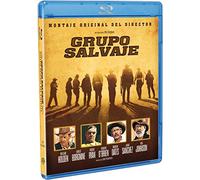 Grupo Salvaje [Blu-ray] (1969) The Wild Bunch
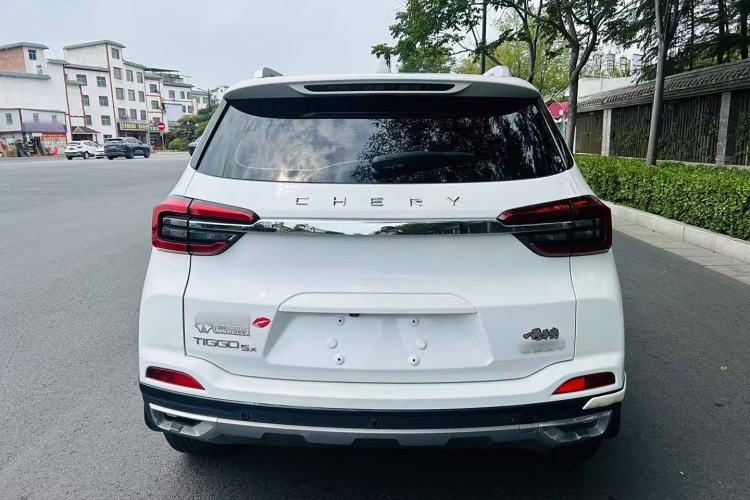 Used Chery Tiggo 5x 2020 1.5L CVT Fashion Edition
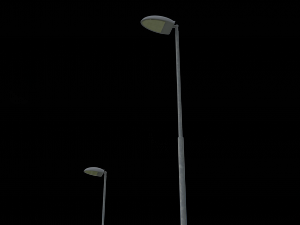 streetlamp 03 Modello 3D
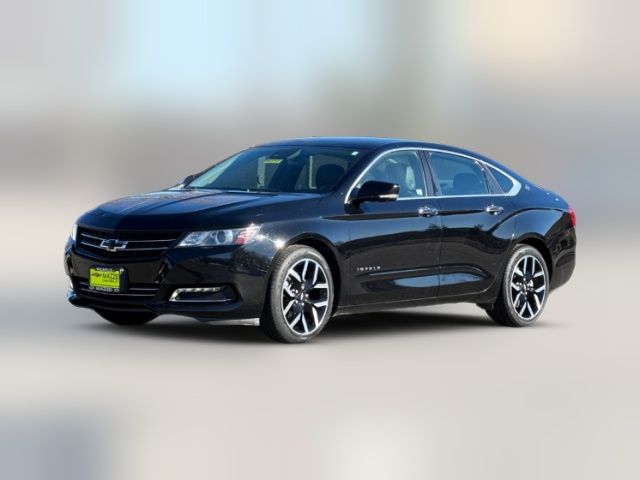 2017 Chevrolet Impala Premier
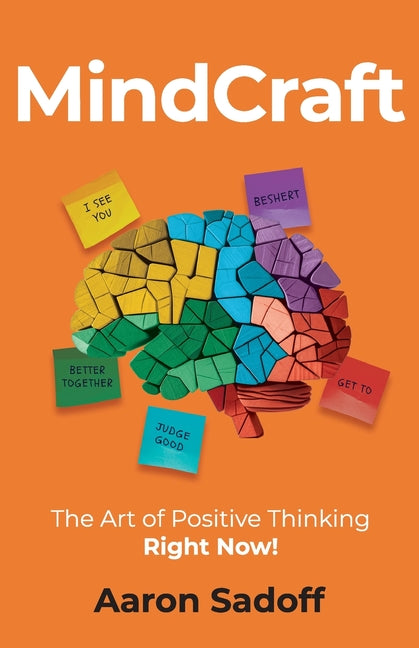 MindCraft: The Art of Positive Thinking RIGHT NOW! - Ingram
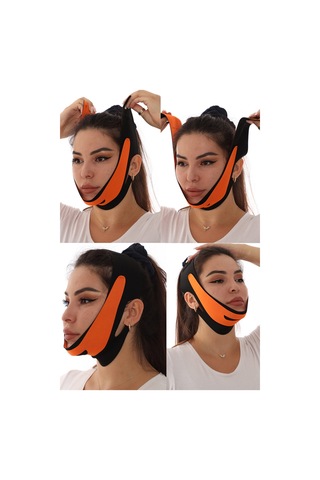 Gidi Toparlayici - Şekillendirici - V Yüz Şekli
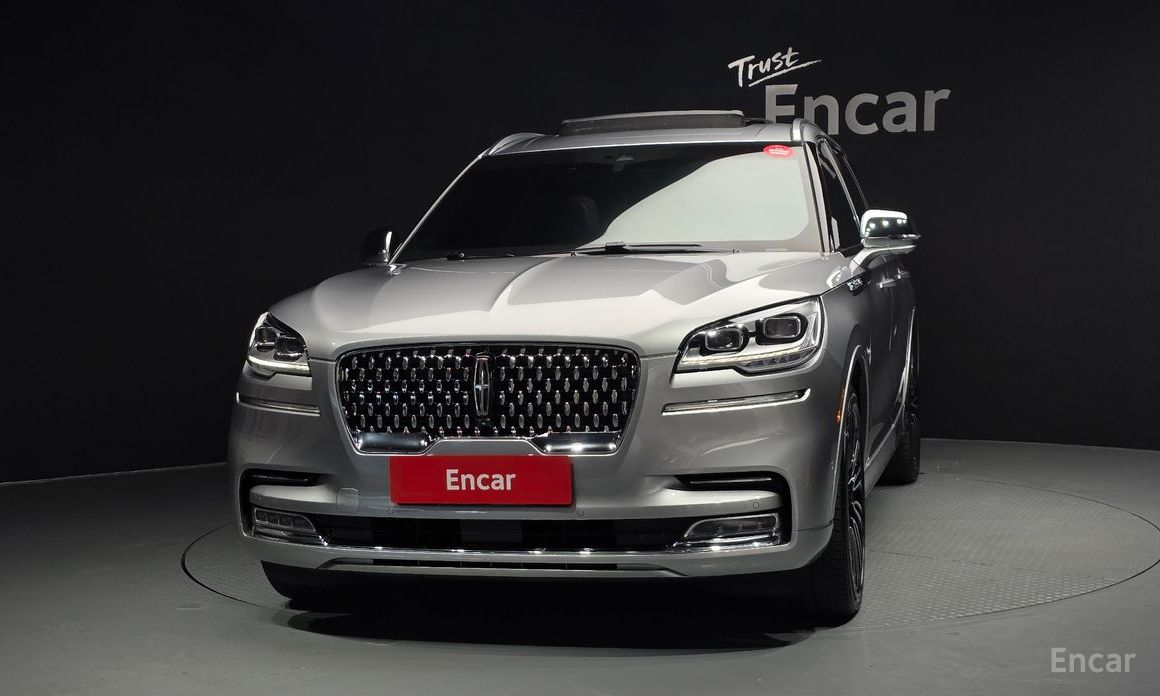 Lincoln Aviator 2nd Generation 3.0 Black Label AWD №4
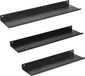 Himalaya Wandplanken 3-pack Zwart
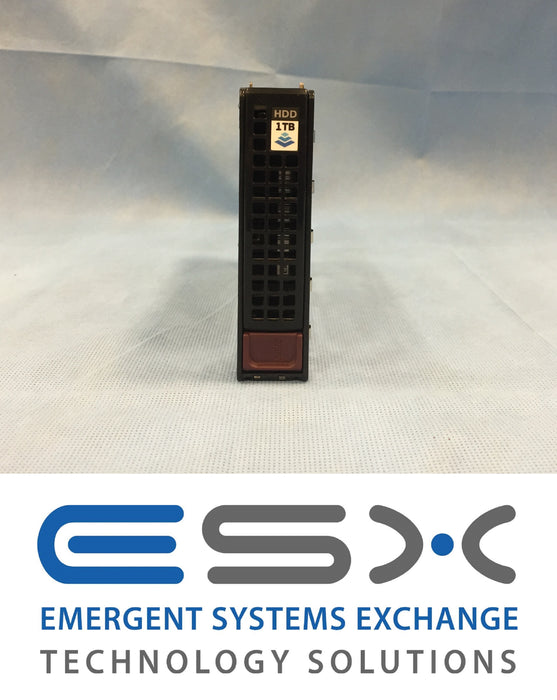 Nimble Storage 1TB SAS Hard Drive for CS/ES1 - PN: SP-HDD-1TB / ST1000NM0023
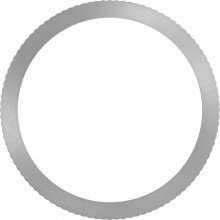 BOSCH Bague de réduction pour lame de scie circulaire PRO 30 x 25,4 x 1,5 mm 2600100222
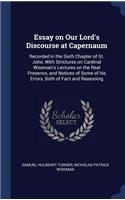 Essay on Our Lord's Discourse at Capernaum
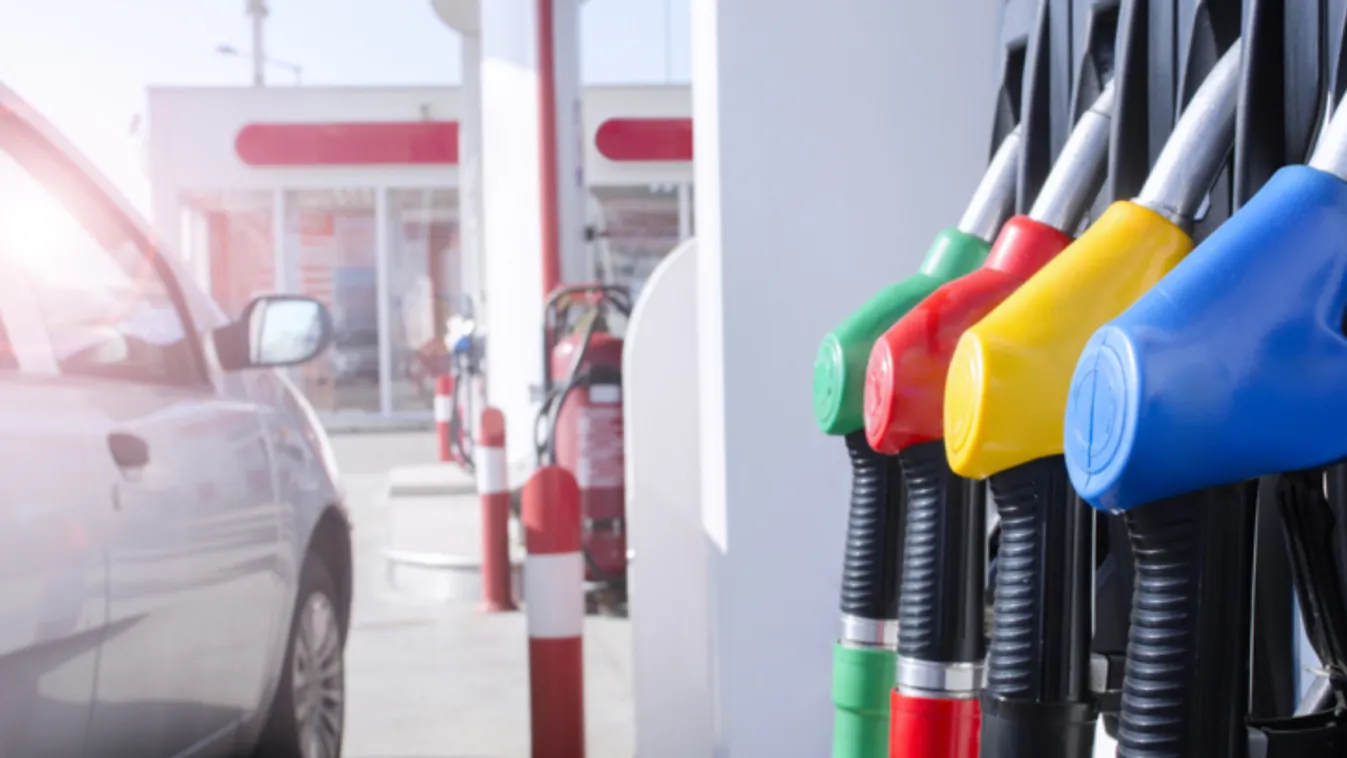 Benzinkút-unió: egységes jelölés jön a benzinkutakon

★ ★ ★

→ WORK ITEM:
In your answer, copy exactly the lines running from the line with "streetlamp 03 Modello 3D" to the end of the material above, both included, and omit all pictures.

→ RESULT OF THIS TASK:
 streetlamp 03 Modello 3D
 2017 Chevrolet Impala Premier
 MindCraft: The Art of Positive Thinking RIGHT NOW! - Ingram
 Gidi Toparlayici - Şekillendirici - V Yüz Şekli
 Lincoln Aviator 2nd Generation 3.0 Black Label AWD №4
 Himalaya Wandplanken 3-pack Zwart
 Nimble Storage 1TB SAS Hard Drive for CS/ES1 - PN: SP-HDD-1TB / ST1000NM0023
 BOSCH Bague de réduction pour lame de scie circulaire PRO 30 x 25,4 x 1,5 mm 2600100222
 Essay on Our Lord's Discourse at Capernaum
 Benzinkút-unió: egységes jelölés jön a benzinkutakon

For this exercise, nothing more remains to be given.